Ma di questo articolato panorama che coinvolge politica, economia, scienza, i cittadini cosa ne sanno, si domandano gli autori del rapporto? Secondo l’analisi fornita, i media hanno un ruolo fondamentale ma non lo sfruttano come dovrebbero. Guardando al solo caso italiano, uno studio pubblicato nel 2010 su PLosOne ha messo in evidenza che oltre al mancato accenno a possibili conflitti di interesse finanziario, la stampa nostrana lascia emergere una scelta di campo nella selezione delle notizie da trattare, per esempio nuovi trattamenti, procedure, test o farmaci, senza però accennare al rapporto costi/benefici delle nuove terapie.

Un altro limite da superare è poi quello della formazione nelle facoltà di medicina, farmacia e scienze umane delle università e della necessità di dare agli operatori sanitari le conoscenze adeguate per affrontare i problemi della salute globale. Una mappatura delle facoltà di medicina italiane svolta dall’associazione Medici con l’Africa Cuamm ha rivelato la presenza di corsi in salute globale e uguaglianza sanitaria, quasi tutti opzionali, in soli 11 atenei. “La promozione della salute nel tempo della mondializzazione richiede infatti nuovi linguaggi e un nuovo paradigma sanitario. Essa rivendica professionisti con conoscenza, competenza e atteggiamenti adeguati al nuovo territorio oggi denominato ‘salute globale’, segnato dall’interdipendenza dei determinanti della salute oltre i confini nazionali”, si legge ancora nella prefazione.
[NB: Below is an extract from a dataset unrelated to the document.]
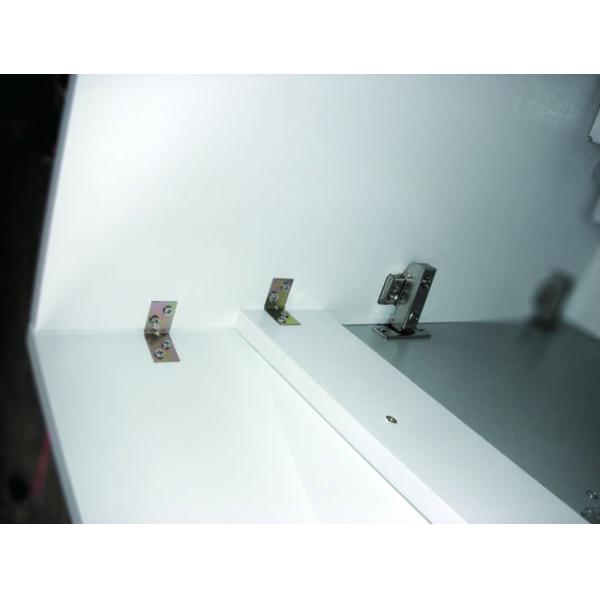 Lightweight Construction Foam Board Aging Resistance Various Colors 1 - 25mm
Il rapporto dedica alcuni capitoli a tematiche rilevanti, come la sanità in Usa, le riforme sanitarie in Cina, la salute connessa alla guerra e alle migrazioni e l’influenza suina. Una sezione è dedicata poi agli aiuti allo sviluppo, sui quali l’Osservatorio sulla salute globale continua ad essere critico. “Non siamo convinti che l’aiuto allo sviluppo, da solo e così com’è strutturato e realizzato, possa contribuire a ridurre lo scarto, in termini di reddito e condizioni di vita, tra primo e terzo mondo. Non lo può fare né per la quantità di aiuto corrisposto, nettamente inferiore ai bisogni, né per la qualità dell’aiuto stesso, troppo spesso legata agli interessi dei paesi donatori rispetto alle priorità e alle politiche dei riceventi”, scrive Adriano Cattaneo nella prefazione del volume. “Ma non lo può fare, soprattutto, perché non tocca i meccanismi di scambio ineguale che stanno alla base delle disuguaglianze di reddito nei paesi e tra paesi. E crediamo che l’aiuto allo sviluppo per la salute non costituisca un’eccezione positiva. Anche in questo campo perché le risorse dedicate alla salute sono inadeguate rispetto ai bisogni, ma soprattutto perché solo in piccola proporzione sono dedicate alle priorità di quasi tutti i paesi a basso reddito: il rafforzamento dei sistemi sanitari”.